Further, the training module 114 may facilitate the owner to associate biometric patterns of different users with different applications of the mobile device 100. This may enable restricted access to applications of the mobile device 100 by different users. For example, the owner of the mobile device 100 may not allow other users to access the secure applications, such as the e-mail and banking applications. Therefore, the owner may associate such applications with reference patterns 116 that are unique to the owner. When the other users try to access the secure applications, the security module 110 upon comparing the biometric patterns of the other users with the reference patterns 116 associated with the secure applications, may not authorize the other users to access the secure applications. As mentioned above, the owner may train the security module 110 to authorize the other users to access non-secure applications, such as gaming applications, of the mobile device 100. It will be understood that the non-secure applications refer to the applications that do not provide personal information of the owner of the mobile device 100.

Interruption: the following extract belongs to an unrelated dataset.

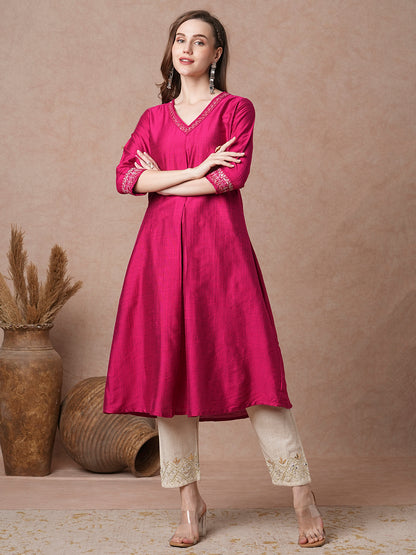 Solid Mirror Embroidered Straight Fit Kurta - Magenta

In an implementation, the training module 114 may enable the owner to define rules for the security module 110. These rules may be stored within the mobile device 100 as rules data 118. The rules data 118 may include details about the applications of the mobile device 100 that may be accessible to an authenticated user. The owner may set rules to allow selective access to the applications configured in the mobile device 100. In another implementation, the rules data 118 may include information about the reference patterns 116 that may be associated with each of the secure and non-secure applications of the mobile device. In one example, the owner may define three different reference patterns that may be formed as a combination of different parameters for accessing the secure applications. The owner may define a rule that to access the secure applications, the three different reference patterns need to match the biometric pattern detected by the detection module 108. Further, if the biometric pattern matches two out of the three reference patterns, the user may be given access to the non-secure applications of the mobile device 100.

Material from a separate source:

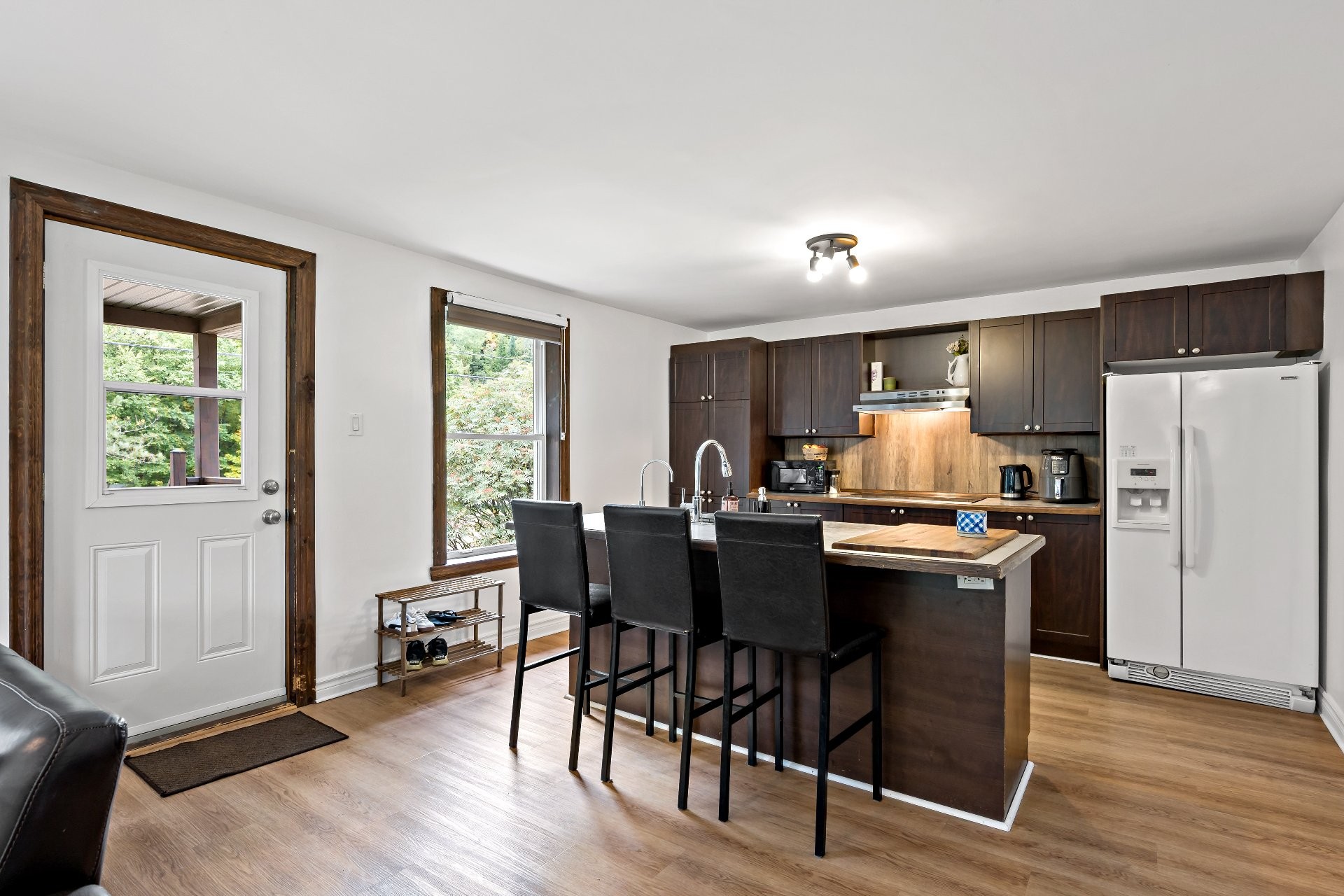 Kitchen - 77 Ch. Du Lac-De-La-Carpe, Lac-Des-Plages, QC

In another implementation, the training module 114 may facilitate the owner of the mobile device 100 to assign idle time-out periods for the secure applications configured on the mobile device 100. The idle time-out period for an application may refer to the duration of time till when no activity is detected on the touch screen of the mobile device 100. The training module 114 may also be configured to store the idle time-out periods as idle time-out value 120. In an implementation, the owner may define different idle time-out periods for different applications of the mobile device 100. In an example, the owner may define the idle time-out period as 2 minutes for the secure applications configured on the mobile device 100 and leaves the mobile device 100 unattended with the secure applications open on it. Once the idle time-out value 120 has exceeded, i.e., no activity is detected on the screen of the mobile device 100 for 2 minutes, the security module 110 may re-authenticate users who may try to access the secure applications that were being used on the mobile device 100. In other words, as the mobile device 100 remains unattended for some time, the mobile device 100 may get locked. Further, as the secure applications were open on the mobile device 100, when it got locked, the security module 110 may re-authenticate any user who may try to access the secure applications after the idle time-out period has exceeded. Based on the re-authentication, the security module 110 may allow the user to access the secure applications.

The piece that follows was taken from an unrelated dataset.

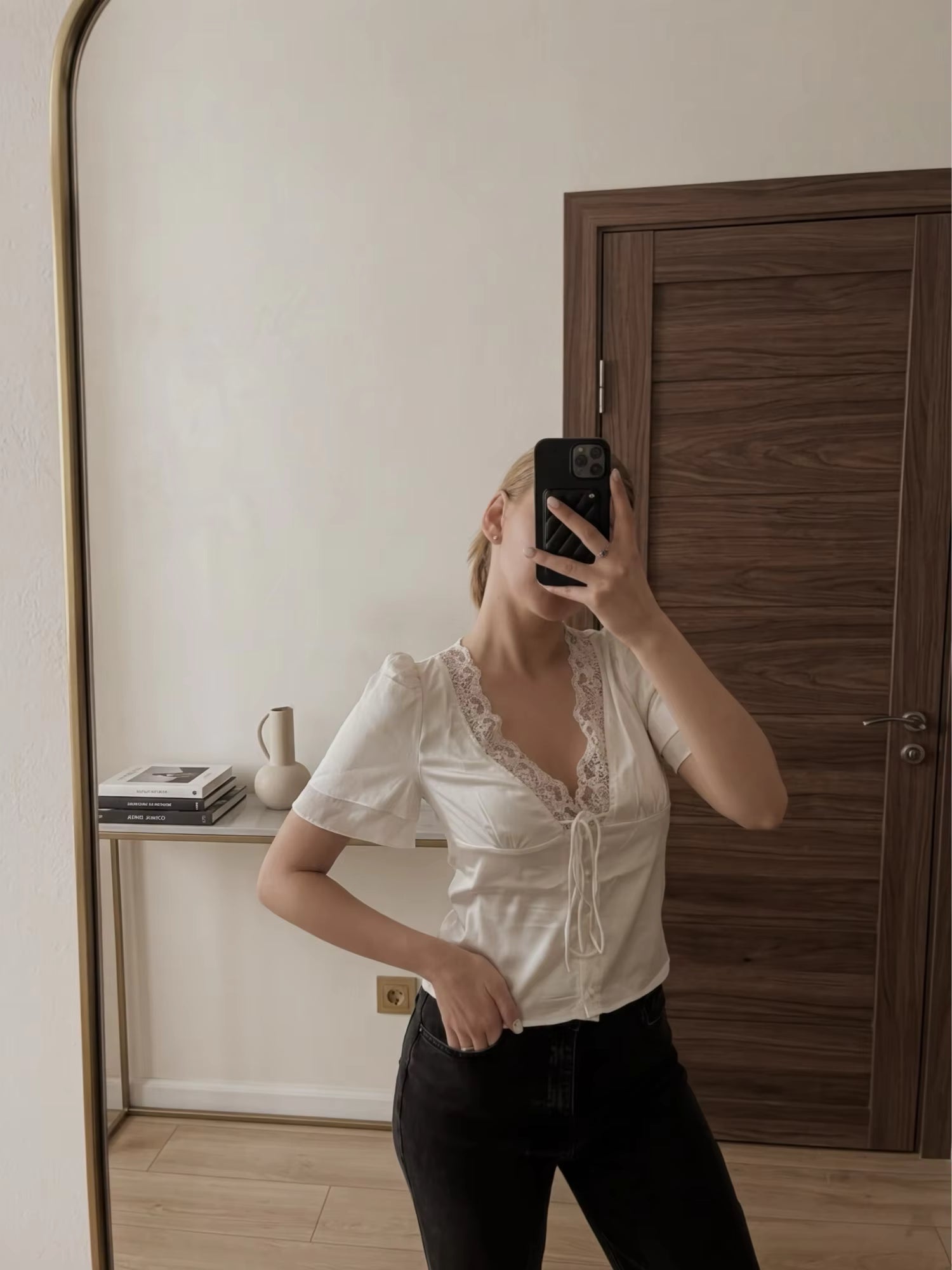 Mia – Satinbluse mit Spitzenbesatz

In an implementation, the owner may protect the training module 114 with a password to ensure that no one else may access and train the security module 110. This may facilitate in protecting the reference patterns 116, rules data 118, and the idle-time out values 120 that are stored in the mobile device 100.

The present subject matter may facilitate in authenticating a user's identity based on a combination of biometric parameters. This may increase the robustness of the authentication for the secure applications of the mobile device 100. Further, the security module 110 may enhance security in the mobile devices 100 by selective protection of personal data through the pluggable security module that implicitly authenticates application users. Additionally, as the authentication is biometric based, the other users may be unable to authenticate themselves, which would have been otherwise possible in case of password or pattern based authentication.

FIG. 2 illustrates a method 200 for authenticating a user to provide access to the mobile device 100, according to an embodiment of the present subject matter. The order in which the method is described is not intended to be construed as a limitation, and any number of the described method blocks can be combined in any order to implement the method 200, or any alternative methods. Additionally, individual blocks may be deleted from the methods without departing from the spirit and scope of the subject matter described herein. Furthermore, the methods can be implemented in any suitable hardware, software, firmware, or combination thereof.

The method(s) may be described in the general context of computer executable instructions. Generally, computer executable instructions can include routines, programs, objects, components, data structures, procedures, modules, functions, etc., that perform particular functions or implement particular abstract data types. The method may also be practiced in a distributed computing environment where functions are performed by remote processing devices that are linked through a communications network. In a distributed computing environment, computer executable instructions may be located in both local and remote computer storage media, including memory storage devices.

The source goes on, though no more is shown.